Intenção de desativar comarcas é recebida com desaprovação

Fórum da Comarca de Porto de Pedras, uma das seis comarcas que podem ser desativadas (Foto: Severino Carvalho)
Fórum da Comarca de Porto de Pedras, uma das seis que podem ser desativadas pelo TJ (Foto: Severino Carvalho)

A possibilidade de o Tribunal de Justiça de Alagoas (TJ/AL) desativar seis comarcas no interior do Estado, dentre as quais a de Porto de Pedras – que também abrange São Miguel dos Milagres – foi recebida com desaprovação pelos representantes do Ministério Público Estadual (MPE) e da Defensoria Pública instalados neste município.

“Fomos pegos de surpresa com a publicação desse ato do Tribunal de Justiça. Isso vai trazer um prejuízo enorme para o jurisdicionado que terá de se deslocar 40 km até o Passo de Camaragibe.
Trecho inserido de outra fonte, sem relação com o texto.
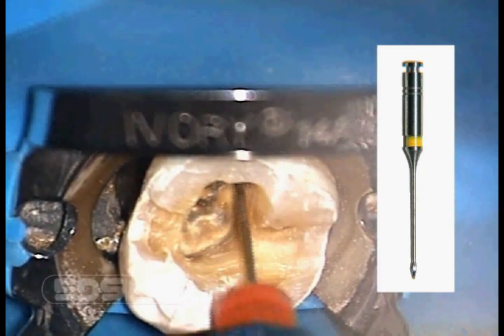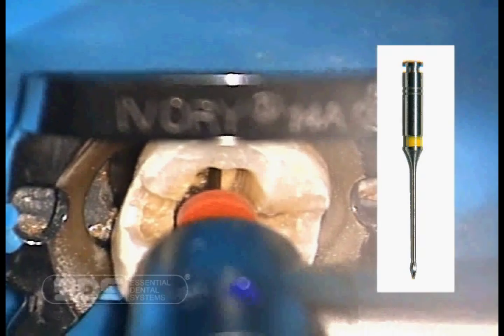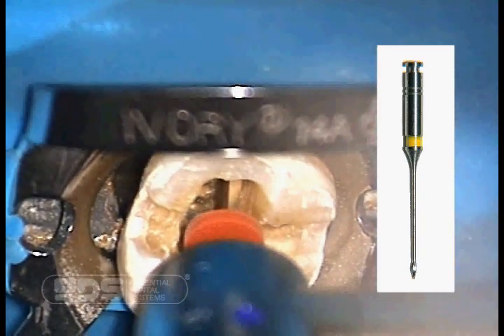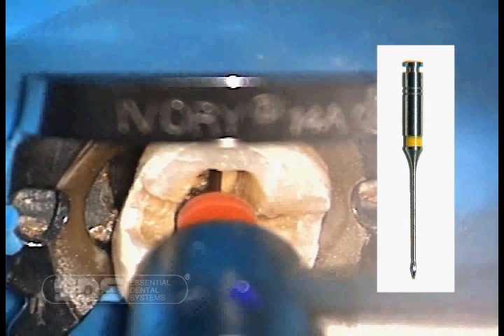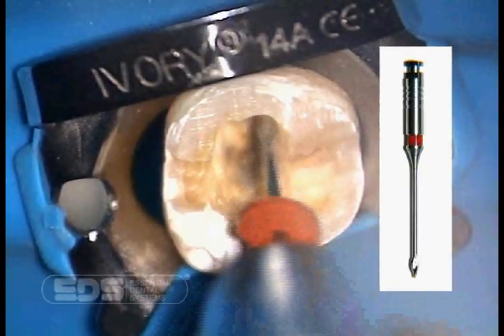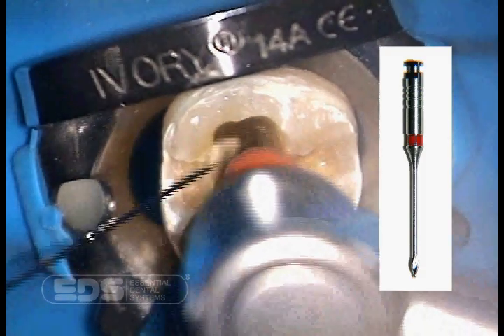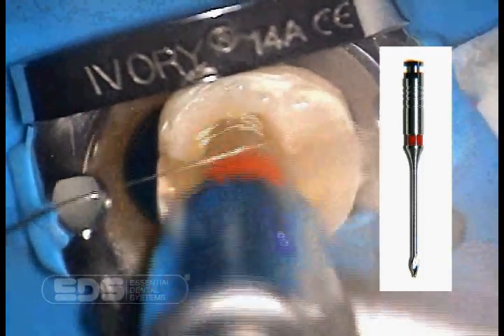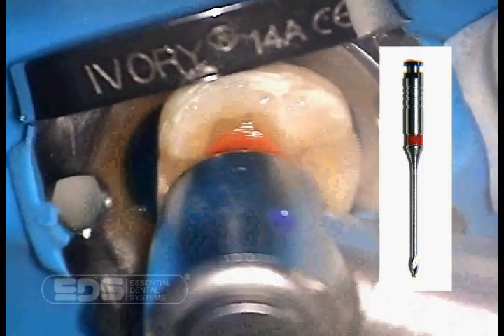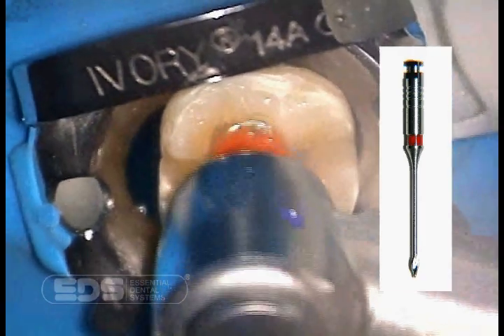Now we will remove the gutta-percha and size the inside of the post hole using Gates Glidden drills. We are using the yellow EDS Gates Glidden drill, then the red EDS Gates Glidden drill with water to remove and size the post hole. We stop at the red size because we chose the red number 1 Flexi Post for the restoration. We make 100% of the post hole length and 90% of the width using these Gates Glidden drills.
Uma pessoa que precise de atendimento do promotor de Justiça, em casos de violação aos direitos da criança e do adolescente, por exemplo, ficará desguarnecida. Sem contar que a Comarca de Passo de Camaragibe pode ficar sobrecarregada com os cerca de mil processos que tramitam aqui”, observou o promotor de Justiça da Comarca de Porto de Pedras, Carlos Davi Lopes Correia Lima, em entrevista ao jornal Gazeta de Alagoas, edição do dia 6 de janeiro.

A Corte estuda a desativação de seis comarcas de primeira entrância instaladas no interior do Estado nos municípios de Canapi, São Brás, Paulo Jacinto, Flexeiras, Novo Lino e Porto de Pedras. Estudo conclusivo nesse sentido, realizado pela Assessoria de Planejamento e Modernização do Poder Judiciário (APMP), já se encontra com o presidente do TJ, desembargador Washington Luiz Damasceno, a quem caberá a decisão final.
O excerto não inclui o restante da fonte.